En la octava noche, abrí la puerta con más cuidado que de costumbre. El minutero de un reloj gira con más rapidez de la que yo me movía en ese momento. Hasta esa noche, nunca había percibido el alcance de mis propias capacidades, de mi sagacidad. Apenas podía contener mi sentimiento de triunfo. Pensar que yo estaba allí, abriendo la puerta sigilosamente, y él ni siquiera soñaba con mis secretas hazañas o pensamientos. La idea me hizo reír entre dientes, y quizá me oyó, porque se movió de pronto en la cama, sobresaltado. Ahora ustedes pensarán que retrocedí; pero no. La oscuridad de su habitación era negra como la noche (las persianas estaban herméticamente cerradas por temor a los ladrones), así que yo sabía que él no podía ver la abertura de la puerta, y seguí empujando, firmemente, firmemente.

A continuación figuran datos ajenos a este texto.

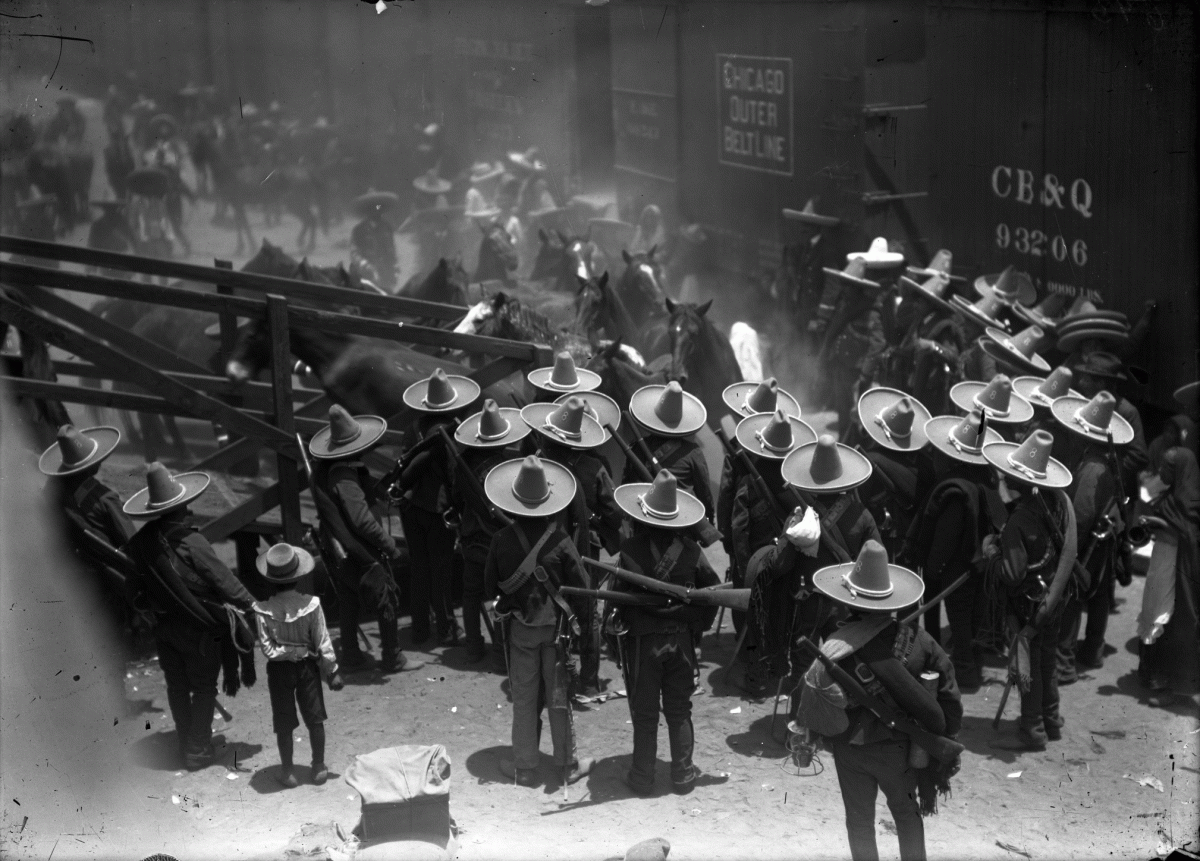 Rurales under Carlos Rincón Gallardo’s Command Boarding Their Horses on Their Way to Aguascalientes, n.d. Inkjet print from a digital file, exhibition copy, 14.6 x 20.3 cm. Fondo Casasola, SINAFOFototeca Nacional del INAH (Inv. #6345). © CONACULTA-INAH-SINAFO-FN-MEXICO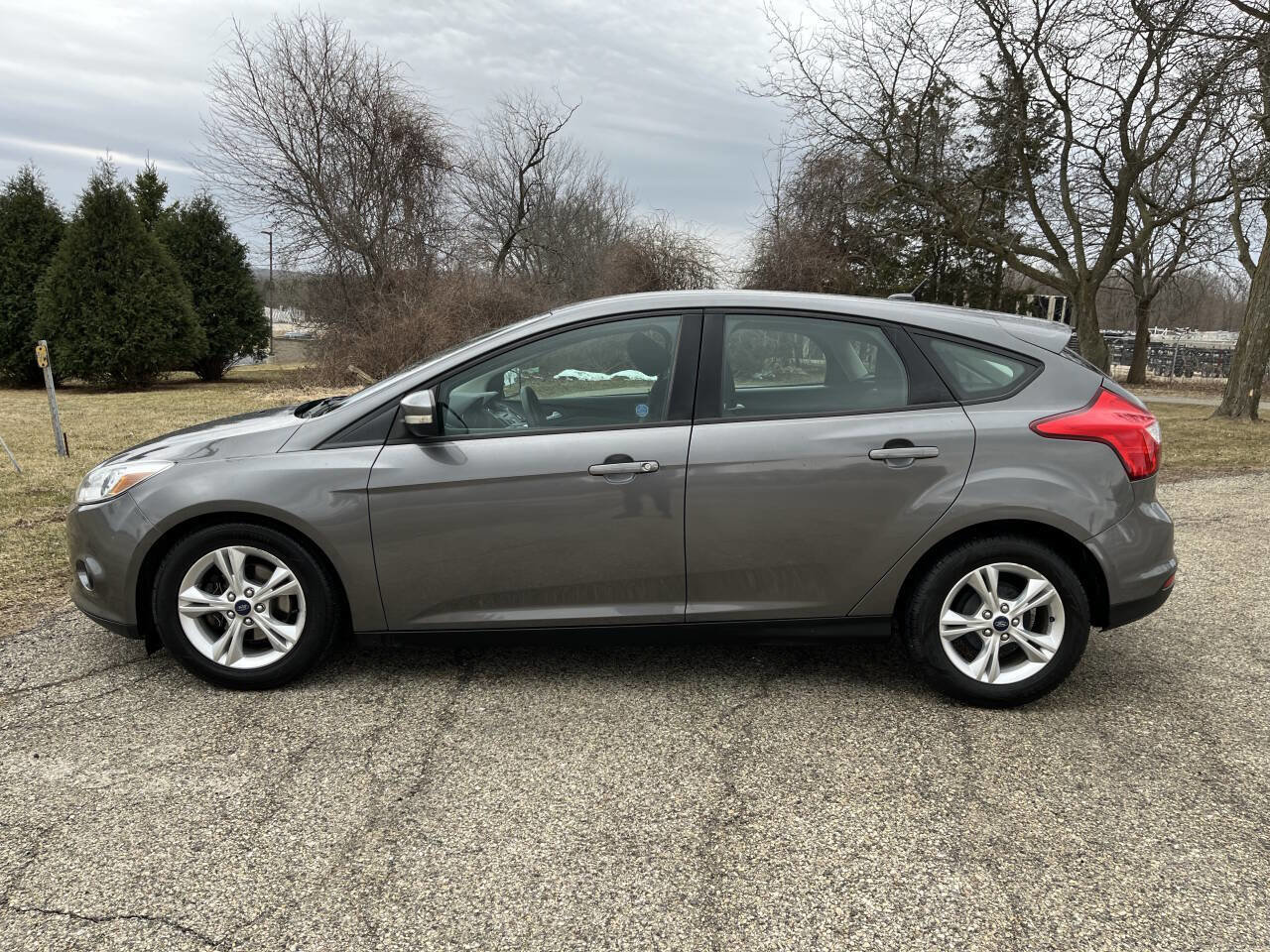 Used 2013 Ford Focus SE image 2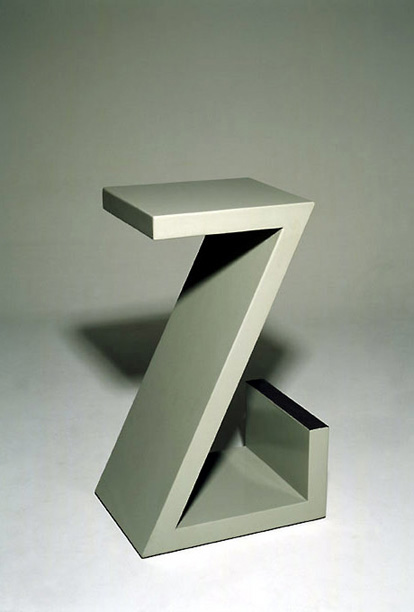 de Zerb stoel in een grijze uitvoering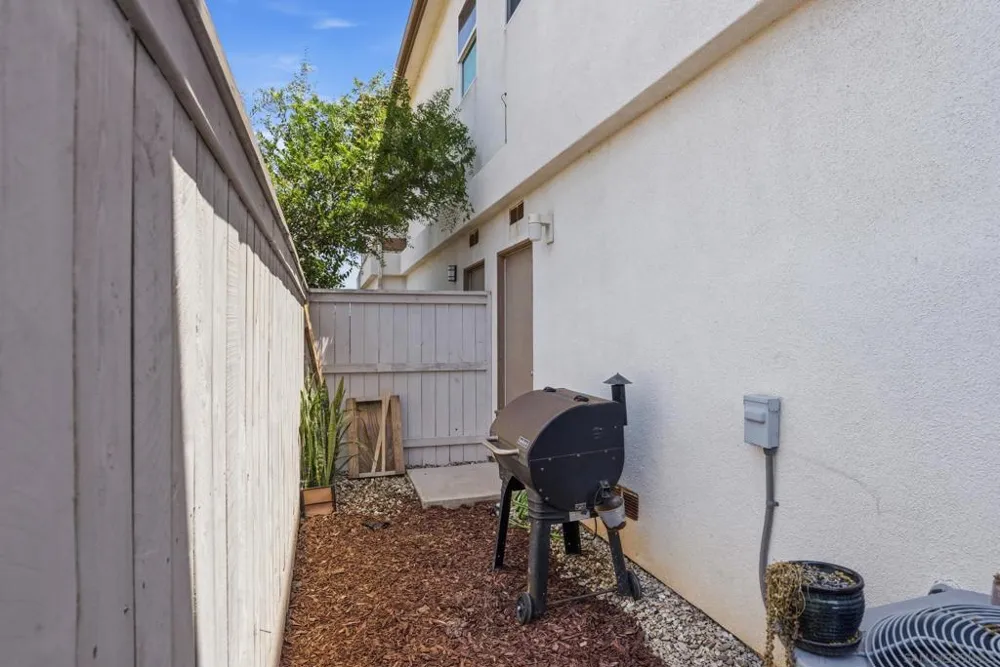1329 Holly Avenue Imperial Beach, CA 91932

Ya había introducido la cabeza y estaba a punto de descubrir la linterna cuando mi dedo pulgar se deslizó del broche metálico y el viejo se levantó en la cama como un resorte y gritó: "¿Quién anda ahí?".
Me quedé quieto y no dije nada. Durante una hora no moví un músculo, y en todo ese tiempo no oí que volviera a acostarse. Seguía sentado en la cama, escuchando; igual que lo había hecho yo, noche tras noche, prestando atención a los relojes de pared que marcan la hora de la muerte.